Россия - до крови расчесанный, вечно воспаленный гондурас - не дает спать теплыми нью-йоркскими ночами.
II.
Товарищ юности. Не виделись семнадцать лет. Встречаемся в кафе. Он стал красивым: откуда-то выросли плечи, на лице горнолыжный загар, выглядит лет на пятнадцать моложе, чем среднестатистический его российский сверстник. Он привез мне подарок. Хлопает рукой по дивану: да где же оно? «Йо, ну что за страна! Оставил на минуту - и официантки скоммуниздили.
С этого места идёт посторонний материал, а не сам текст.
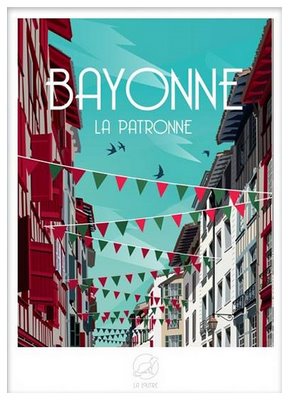  REGIONAL Image Bayonne La Loutre encadrée avec cadre lica blanc 42X59.4 42X59.4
Совок голимый, как же это я расслабился, забыл, куда приехал…» - «Да фиг с ним, - рассеянно говорю я. - Как Маша, как детки?» - «Вот совок, а! Духи были, весь вспотел, пока выбирал». Потом мы зайдем в квартиру, где он остановился, посмотреть фотографии и увидим: духи лежат на столе. Eternity Summer. Он просто забыл. «Долбаная страна», - с облегчением говорит он. Долбаная страна, думаю я про другую страну, что она делает даже с хорошими людьми? Я не люблю Eternity, но они есть у моей дочки. И поэтому я говорю от всей души, проникновенным голосом тети Вали Леонтьевой: «Спасибо!» - «Не видала таких?» - «Ни в жизнь не видала».
Мы люди восточные, то есть чтим законы гостеприимства. Ноги гостю не вымоем, но кивнуть во ублажение усталого путника - всегда пожалуйста. «Ты баксов пятьсот-то в месяц имеешь?» Киваю. Пусть думает, что пятьсот, - наши доходы должны различаться минимум в десять раз, мои дети должны есть, учиться и одеваться хуже твоих, мой воздух должен быть загазован и слегка отдавать фекальными выбросами, в Москве должны быть дождик и слякоть, и скучно, и хочется плакать. Впрочем, американская идиллия тоже подозрительна, и он это понимает. «У нас проблемы, конечно, есть. Незначительные». (Мне уже насплетничали в интернете про твои незначительные. Про финансовую яму, в которую вы с Машей попали после того, как ее в одночасье сократили на работе - соотечественник же и сократил; и про многое другое, личное и общественное, которое совсем не для печати.) И я заранее со всем соглашусь.